DorobekINSIDER water-cooler fodder... yes, we’re trying to help you make your water-cooler time better too...

  • Why It Sucks to Be CBO [National Journal] The congressional number cruncher is a favorite target of both the Left and the Right: How to convince both sides that you are a credible, neutral organization when everyone is constantly accusing you of wronging them? It's especially tough in today's hyper-partisan D.C. "I don't worry about our ability to do objective work," the current director, Douglas Elmendorf, said at a recent event hosted by The Atlantic, which, like National Journal, is part of Atlantic Media. "I spend more time worrying about the perception of our objectivity." It turns out that CBO directors have over the years put a lot of effort into trying to address this problem. I recently spoke with six former directors and one acting director about how they navigated this terrain. (Elmendorf declined to comment.) Alice Rivlin, who was CBO's first director, in 1975, cites some seemingly small logistical details—such as making sure that Republicans and Democrats received reports at the same time—as keys to maintaining an air of objectivity. "We tried very hard to make sure that the majority and the minority had equal treatment, equal notice, equal number of copies," she recalls.

  • Hawaii First State to Propose Civic Crowdfunding Legislation [PBS’s Idea Lab]: Hawaii has become the first state to propose a bill supporting civic crowdfunding, as it seeks to raise funds for the maintenance and repair of local schools.  HB2631 outlines a pilot program in which two maintenance projects at Hawaii schools are selected for public crowdfunding campaigns. The pilot would be operated by Hawaii 3R’s (Repair, Remode, Restore our Schools), a 501(c)(3) organization started by the late Democratic Senator Daniel Inouye in 2001 to raise private funds to contribute to the backlog in school maintenance projects in Hawaii.  Here’s how it would work, if approved:  Hawaii 3R’s selects the two projects for the pilot, in consultation with the Hawaii department of education. Projects must be “initiated by a member of the community and approved by” the school concerned.
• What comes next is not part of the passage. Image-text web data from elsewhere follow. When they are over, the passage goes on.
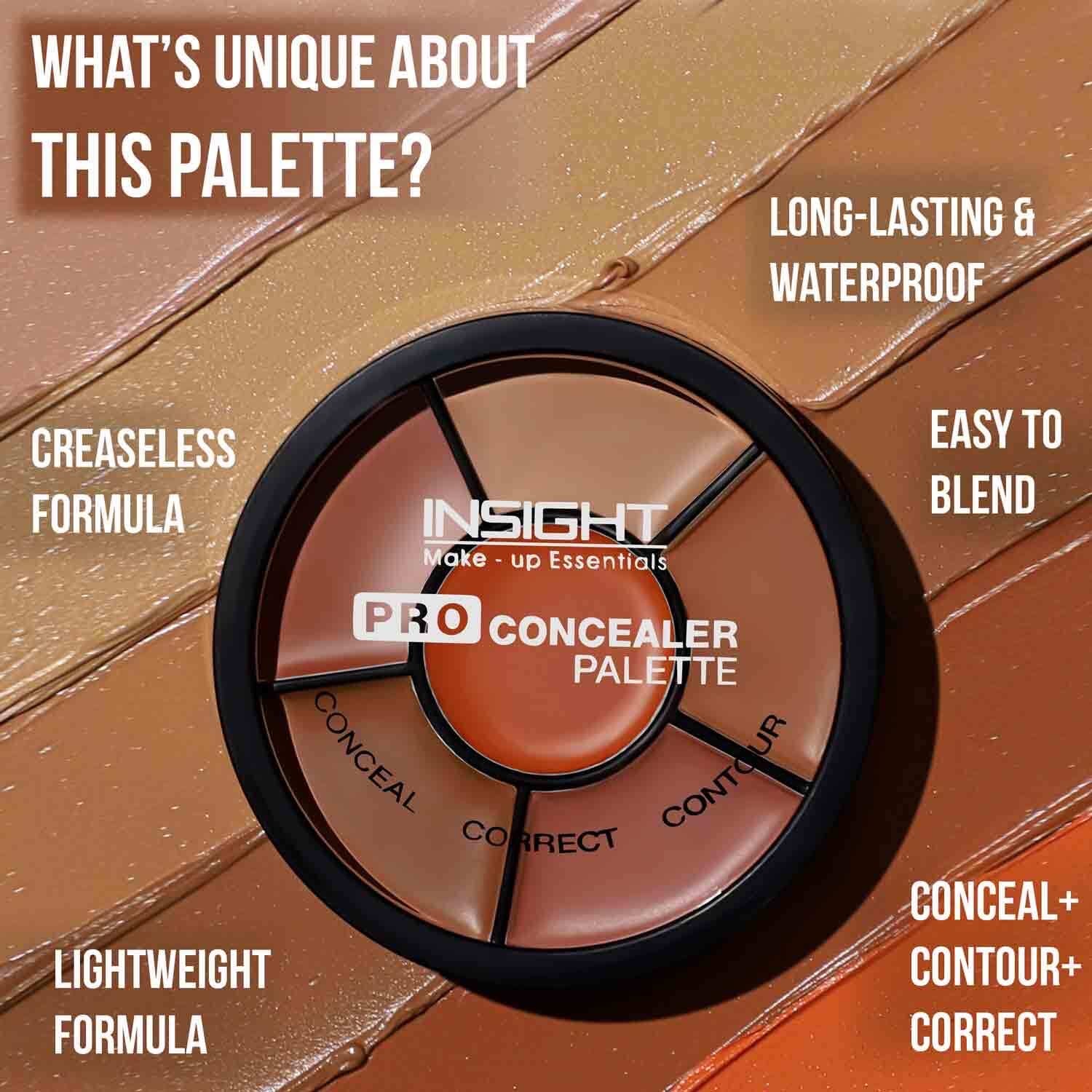 8904207501020_2 Insight Cosmetics Pro Concealer Palette (Concealer) - 15gm - Image 1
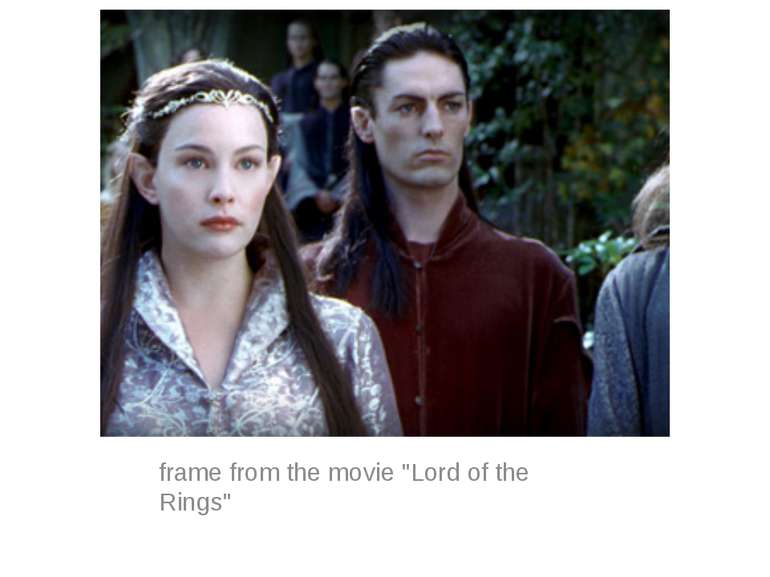 frame from the movie "Lord of the Rings"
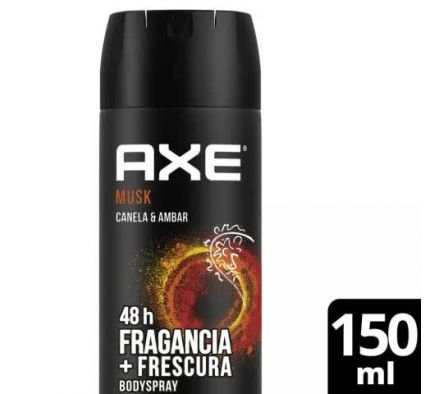 AXE DEO AER BS MUSK 12X97G/150ML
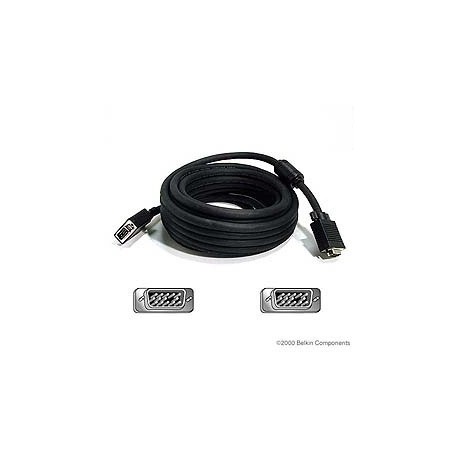 Belkin Cable VGA/SVGA, 2x D-Sub (HD15), 4.6 Metros, Negro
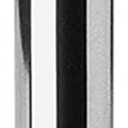 Flanged Sink Tailpiece 1-1/4" OD x 12", Brass Extension Tube for Trap, Inlet Waste Pipe Tubular Drain Connections, Chrome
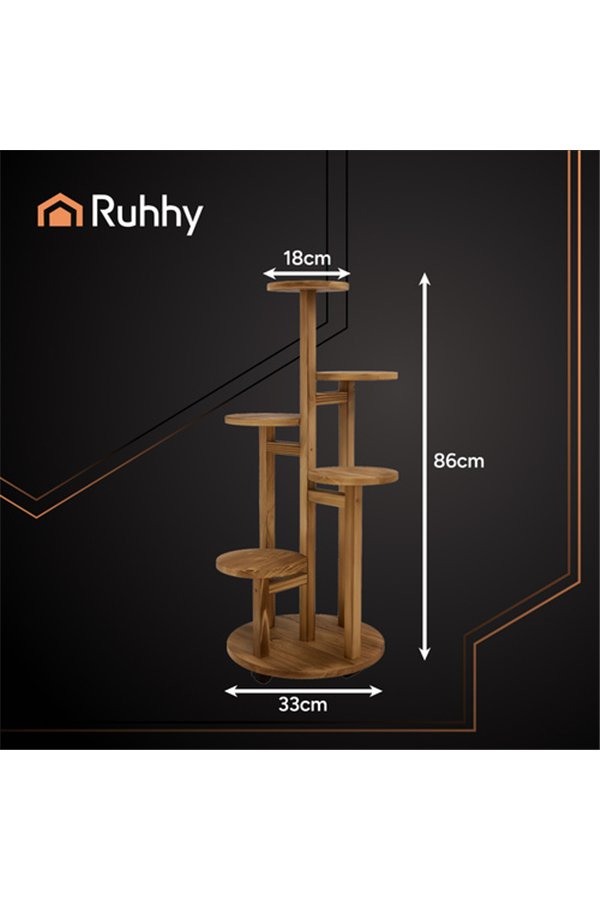 Standing flower stand 86cm Ruhhy 26041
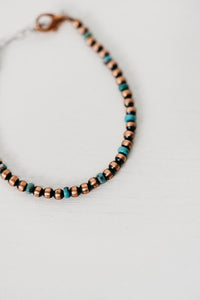 Myla Bracelet | Copper + Turquoise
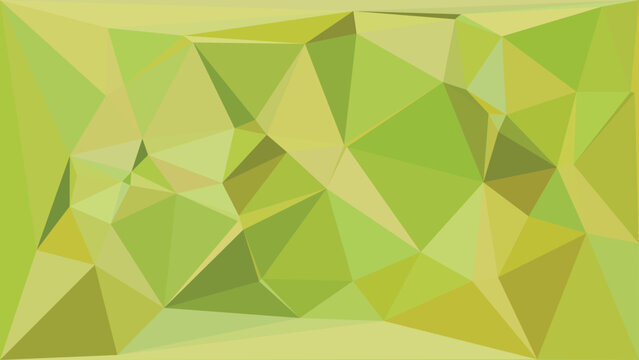 Green abstract geometric background with a low poly triangular pattern, creating a modern, textured, digital art aesthetic.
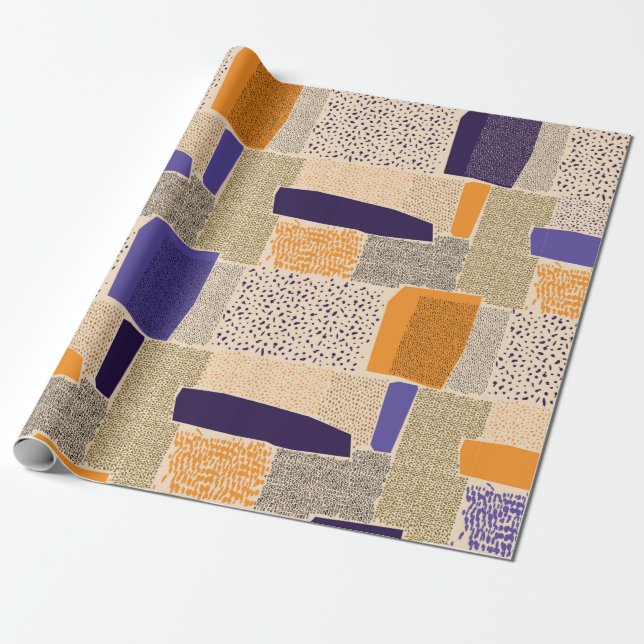 Sprickade geometriska linjeformer. Abstrakt Backgr Presentpapper (Utrullad)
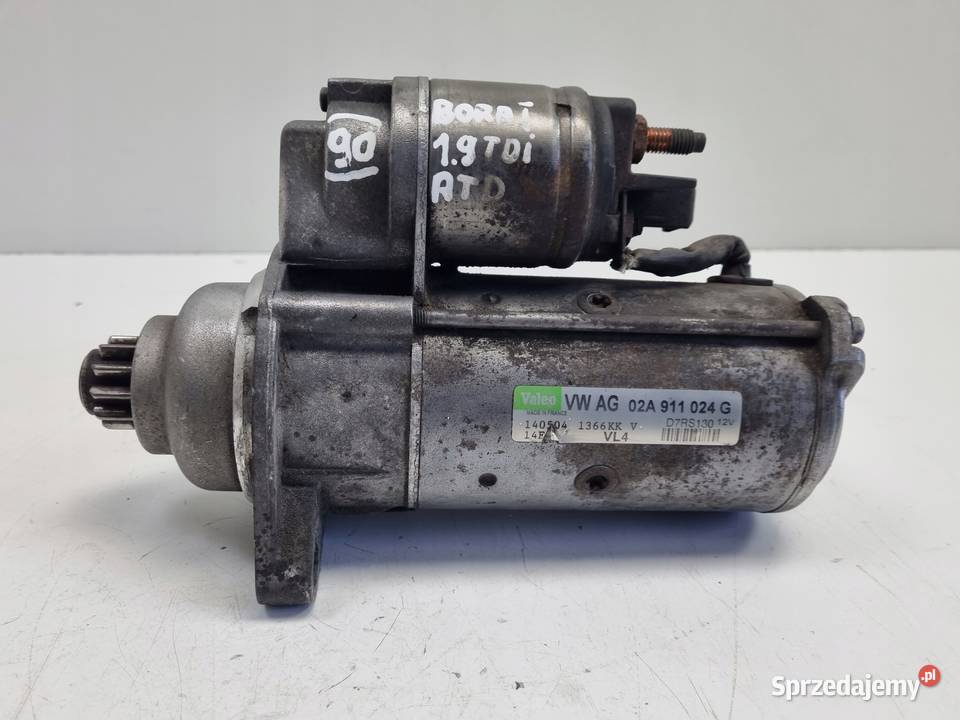 ROZRUSZNIK VW Bora 19 TDI ROZRUSZNIK valeo Układ elektryczny silnika Rudka sprzedam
Hawaii donates matching funds to Hawaii 3R’s up to a maximum of $50,000 per project. 10 percent of the overall funds raised are donated to a Hawaii school that qualifies for Federal Financial Assistance.

  • Apps continue to cast a longer shadow over consumer habits [Flurry]: The average U.S. consumer increased the amount of time spent on a mobile device to 2 hours and 42 minutes a day, up from 2 hours and 38 minutes in March 2013, according to a report from Flurry. And apps were by far the biggest part of that, commanding 86% of the average mobile user’s time, compared to just 14% on the mobile Web.

  • Hey, Robot: Which Cat Is Cuter? [The New York Times Magazine]:  Crowdworking platforms are advancing the speed at which robots can do anything - and everything - better than humans.